# WORK REQUIRED:
If a line below includes the string "Garden", copy it.
"""
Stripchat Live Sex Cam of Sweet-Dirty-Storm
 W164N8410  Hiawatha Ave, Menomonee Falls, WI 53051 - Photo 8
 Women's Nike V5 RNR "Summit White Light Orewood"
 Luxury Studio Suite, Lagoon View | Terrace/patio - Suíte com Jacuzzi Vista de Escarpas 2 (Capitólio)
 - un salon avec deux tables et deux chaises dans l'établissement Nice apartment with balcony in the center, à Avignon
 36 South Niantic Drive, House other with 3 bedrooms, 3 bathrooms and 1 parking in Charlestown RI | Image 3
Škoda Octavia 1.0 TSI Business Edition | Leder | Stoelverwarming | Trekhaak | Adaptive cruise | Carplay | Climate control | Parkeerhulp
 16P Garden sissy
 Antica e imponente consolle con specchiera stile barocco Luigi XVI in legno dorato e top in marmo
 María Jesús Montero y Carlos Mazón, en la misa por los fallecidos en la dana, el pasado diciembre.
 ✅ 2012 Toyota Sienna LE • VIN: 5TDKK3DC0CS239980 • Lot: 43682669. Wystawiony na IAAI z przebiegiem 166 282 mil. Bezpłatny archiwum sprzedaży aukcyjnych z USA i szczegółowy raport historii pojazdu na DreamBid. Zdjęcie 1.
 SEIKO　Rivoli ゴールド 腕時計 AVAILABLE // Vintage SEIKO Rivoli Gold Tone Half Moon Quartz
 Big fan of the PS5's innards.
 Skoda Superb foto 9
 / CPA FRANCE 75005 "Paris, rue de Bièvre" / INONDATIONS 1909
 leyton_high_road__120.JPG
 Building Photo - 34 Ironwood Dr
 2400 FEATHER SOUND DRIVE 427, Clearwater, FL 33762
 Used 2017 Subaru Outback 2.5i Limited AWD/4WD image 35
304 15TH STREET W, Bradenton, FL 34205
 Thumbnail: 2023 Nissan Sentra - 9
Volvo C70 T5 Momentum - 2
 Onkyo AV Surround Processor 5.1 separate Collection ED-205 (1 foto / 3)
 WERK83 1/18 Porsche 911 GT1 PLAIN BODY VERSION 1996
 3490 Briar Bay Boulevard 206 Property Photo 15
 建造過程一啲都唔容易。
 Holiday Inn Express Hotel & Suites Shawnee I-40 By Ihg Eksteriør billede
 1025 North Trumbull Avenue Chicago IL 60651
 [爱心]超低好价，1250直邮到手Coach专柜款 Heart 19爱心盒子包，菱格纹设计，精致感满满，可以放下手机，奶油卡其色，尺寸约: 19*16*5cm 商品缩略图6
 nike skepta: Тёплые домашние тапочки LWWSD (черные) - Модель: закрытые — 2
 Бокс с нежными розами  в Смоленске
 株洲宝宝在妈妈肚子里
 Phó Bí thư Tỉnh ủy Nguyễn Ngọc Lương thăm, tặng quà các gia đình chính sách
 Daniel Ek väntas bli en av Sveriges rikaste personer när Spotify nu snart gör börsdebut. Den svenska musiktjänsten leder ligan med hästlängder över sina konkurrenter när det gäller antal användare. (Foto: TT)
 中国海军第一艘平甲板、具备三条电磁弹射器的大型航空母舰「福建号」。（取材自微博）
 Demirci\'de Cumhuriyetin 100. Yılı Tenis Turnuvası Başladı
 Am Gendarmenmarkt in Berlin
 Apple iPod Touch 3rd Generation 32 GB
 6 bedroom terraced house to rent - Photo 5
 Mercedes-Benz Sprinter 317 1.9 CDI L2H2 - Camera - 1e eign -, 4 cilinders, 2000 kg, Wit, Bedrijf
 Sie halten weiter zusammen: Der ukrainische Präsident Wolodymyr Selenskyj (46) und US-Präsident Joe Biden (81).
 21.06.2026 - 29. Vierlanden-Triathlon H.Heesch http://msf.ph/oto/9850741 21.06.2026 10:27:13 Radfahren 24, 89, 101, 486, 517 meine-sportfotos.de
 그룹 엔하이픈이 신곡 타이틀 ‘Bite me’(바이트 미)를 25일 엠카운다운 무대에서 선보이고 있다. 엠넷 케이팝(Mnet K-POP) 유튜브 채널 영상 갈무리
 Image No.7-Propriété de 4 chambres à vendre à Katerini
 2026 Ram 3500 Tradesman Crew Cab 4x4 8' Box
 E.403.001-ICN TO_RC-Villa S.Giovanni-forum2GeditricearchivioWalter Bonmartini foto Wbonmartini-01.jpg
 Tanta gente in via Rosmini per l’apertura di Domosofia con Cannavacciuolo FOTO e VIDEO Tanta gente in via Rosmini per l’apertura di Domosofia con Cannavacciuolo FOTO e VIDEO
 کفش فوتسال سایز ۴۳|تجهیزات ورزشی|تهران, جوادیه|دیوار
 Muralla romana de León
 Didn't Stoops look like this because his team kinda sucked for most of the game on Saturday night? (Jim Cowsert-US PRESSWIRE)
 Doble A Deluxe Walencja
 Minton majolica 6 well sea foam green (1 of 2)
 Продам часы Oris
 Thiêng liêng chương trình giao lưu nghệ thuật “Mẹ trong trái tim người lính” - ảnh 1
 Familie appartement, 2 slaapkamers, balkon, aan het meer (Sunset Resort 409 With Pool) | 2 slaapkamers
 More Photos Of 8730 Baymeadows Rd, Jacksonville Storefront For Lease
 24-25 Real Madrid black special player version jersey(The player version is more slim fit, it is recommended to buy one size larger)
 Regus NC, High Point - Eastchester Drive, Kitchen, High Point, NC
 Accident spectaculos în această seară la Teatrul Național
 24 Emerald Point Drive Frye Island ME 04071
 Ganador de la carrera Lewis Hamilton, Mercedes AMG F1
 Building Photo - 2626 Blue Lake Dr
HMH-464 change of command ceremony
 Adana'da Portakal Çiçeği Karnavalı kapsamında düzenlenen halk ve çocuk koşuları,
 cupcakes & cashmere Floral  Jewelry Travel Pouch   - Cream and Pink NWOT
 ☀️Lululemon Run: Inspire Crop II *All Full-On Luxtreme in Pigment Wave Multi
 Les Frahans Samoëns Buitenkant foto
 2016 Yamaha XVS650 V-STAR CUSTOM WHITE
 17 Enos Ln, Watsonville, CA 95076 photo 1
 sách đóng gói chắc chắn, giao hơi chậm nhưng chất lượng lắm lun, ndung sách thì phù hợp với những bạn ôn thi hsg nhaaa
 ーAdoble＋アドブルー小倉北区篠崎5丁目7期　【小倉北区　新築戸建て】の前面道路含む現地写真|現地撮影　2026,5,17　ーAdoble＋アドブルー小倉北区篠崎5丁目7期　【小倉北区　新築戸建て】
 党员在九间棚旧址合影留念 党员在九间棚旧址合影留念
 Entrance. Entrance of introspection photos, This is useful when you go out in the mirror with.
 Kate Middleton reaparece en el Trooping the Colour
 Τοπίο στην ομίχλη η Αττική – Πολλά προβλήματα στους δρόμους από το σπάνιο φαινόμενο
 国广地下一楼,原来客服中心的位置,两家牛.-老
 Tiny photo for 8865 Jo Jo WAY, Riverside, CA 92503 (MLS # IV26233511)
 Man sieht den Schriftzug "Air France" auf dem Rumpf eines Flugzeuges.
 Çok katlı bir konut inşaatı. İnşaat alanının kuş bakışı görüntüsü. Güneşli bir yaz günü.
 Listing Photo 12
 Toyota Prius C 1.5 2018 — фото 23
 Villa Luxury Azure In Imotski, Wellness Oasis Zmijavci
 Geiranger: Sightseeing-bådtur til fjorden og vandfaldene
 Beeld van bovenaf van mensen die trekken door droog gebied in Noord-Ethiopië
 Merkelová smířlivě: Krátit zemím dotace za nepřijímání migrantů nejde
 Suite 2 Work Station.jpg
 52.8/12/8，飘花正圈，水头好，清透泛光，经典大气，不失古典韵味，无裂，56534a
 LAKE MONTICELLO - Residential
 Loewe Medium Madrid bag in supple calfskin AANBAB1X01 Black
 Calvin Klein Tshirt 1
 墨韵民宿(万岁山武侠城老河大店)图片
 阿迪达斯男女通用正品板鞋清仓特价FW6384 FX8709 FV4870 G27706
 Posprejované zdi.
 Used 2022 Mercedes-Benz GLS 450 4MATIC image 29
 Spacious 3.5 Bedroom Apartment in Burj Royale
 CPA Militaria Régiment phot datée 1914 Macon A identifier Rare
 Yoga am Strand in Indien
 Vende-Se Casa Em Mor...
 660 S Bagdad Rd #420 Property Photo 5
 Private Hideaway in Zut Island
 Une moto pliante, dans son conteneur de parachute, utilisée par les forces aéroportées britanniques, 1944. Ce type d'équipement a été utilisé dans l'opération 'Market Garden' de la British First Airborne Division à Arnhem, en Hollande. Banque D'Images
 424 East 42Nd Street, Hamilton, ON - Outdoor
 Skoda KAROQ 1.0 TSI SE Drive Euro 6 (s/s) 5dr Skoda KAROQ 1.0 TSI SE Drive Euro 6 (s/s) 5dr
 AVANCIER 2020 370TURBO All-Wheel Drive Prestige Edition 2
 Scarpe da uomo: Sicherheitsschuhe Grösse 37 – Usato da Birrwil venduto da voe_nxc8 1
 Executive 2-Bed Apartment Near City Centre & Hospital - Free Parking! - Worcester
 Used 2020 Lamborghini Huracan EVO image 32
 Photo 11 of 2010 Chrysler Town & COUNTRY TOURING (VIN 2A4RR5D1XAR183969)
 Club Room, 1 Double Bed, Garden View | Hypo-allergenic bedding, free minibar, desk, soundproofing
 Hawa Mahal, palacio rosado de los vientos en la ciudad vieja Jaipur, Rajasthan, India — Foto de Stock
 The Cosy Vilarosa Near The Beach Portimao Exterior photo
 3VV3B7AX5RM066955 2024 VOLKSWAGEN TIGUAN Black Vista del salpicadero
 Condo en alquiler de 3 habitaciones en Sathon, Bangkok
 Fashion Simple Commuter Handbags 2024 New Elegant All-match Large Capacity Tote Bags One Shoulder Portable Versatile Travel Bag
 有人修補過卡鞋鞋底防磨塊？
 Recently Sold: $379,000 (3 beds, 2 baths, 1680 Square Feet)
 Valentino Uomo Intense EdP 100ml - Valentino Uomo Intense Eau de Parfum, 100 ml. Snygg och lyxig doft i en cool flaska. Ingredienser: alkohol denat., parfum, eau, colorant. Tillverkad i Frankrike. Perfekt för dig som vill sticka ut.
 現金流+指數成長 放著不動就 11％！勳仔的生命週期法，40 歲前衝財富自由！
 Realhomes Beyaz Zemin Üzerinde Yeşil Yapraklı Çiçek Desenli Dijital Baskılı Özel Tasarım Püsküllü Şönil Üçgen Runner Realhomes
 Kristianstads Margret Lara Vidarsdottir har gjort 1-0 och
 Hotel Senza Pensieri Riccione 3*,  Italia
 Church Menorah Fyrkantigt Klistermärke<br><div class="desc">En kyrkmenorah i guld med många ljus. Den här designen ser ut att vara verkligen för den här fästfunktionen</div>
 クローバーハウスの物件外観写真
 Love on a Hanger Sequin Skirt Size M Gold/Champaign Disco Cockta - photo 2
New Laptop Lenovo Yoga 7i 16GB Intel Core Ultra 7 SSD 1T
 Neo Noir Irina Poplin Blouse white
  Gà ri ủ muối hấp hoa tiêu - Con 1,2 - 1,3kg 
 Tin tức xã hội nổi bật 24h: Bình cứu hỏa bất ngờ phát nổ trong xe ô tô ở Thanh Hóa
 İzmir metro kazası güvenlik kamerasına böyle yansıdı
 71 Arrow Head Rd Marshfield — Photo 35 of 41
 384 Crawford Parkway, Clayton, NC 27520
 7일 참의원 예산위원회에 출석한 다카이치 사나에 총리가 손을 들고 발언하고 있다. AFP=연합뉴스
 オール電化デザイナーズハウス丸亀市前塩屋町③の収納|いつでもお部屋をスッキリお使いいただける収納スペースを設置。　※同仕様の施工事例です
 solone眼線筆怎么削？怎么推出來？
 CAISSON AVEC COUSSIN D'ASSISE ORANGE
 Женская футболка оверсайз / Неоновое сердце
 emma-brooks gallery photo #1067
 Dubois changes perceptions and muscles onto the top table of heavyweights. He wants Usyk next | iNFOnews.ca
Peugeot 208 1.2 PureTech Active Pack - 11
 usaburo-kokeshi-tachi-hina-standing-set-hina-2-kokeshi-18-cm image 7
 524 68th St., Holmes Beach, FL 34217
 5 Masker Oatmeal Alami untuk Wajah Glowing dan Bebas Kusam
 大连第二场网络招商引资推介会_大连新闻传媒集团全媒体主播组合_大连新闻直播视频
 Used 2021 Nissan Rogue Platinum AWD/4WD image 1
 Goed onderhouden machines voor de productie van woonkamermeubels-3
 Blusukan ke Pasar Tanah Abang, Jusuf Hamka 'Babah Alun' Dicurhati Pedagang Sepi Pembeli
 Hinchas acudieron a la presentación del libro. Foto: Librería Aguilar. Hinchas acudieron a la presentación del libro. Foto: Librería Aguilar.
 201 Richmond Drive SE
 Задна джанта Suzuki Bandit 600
"""
# WRITTEN ANSWER:
 16P Garden sissy
 Une moto pliante, dans son conteneur de parachute, utilisée par les forces aéroportées britanniques, 1944. Ce type d'équipement a été utilisé dans l'opération 'Market Garden' de la British First Airborne Division à Arnhem, en Hollande. Banque D'Images
 Club Room, 1 Double Bed, Garden View | Hypo-allergenic bedding, free minibar, desk, soundproofing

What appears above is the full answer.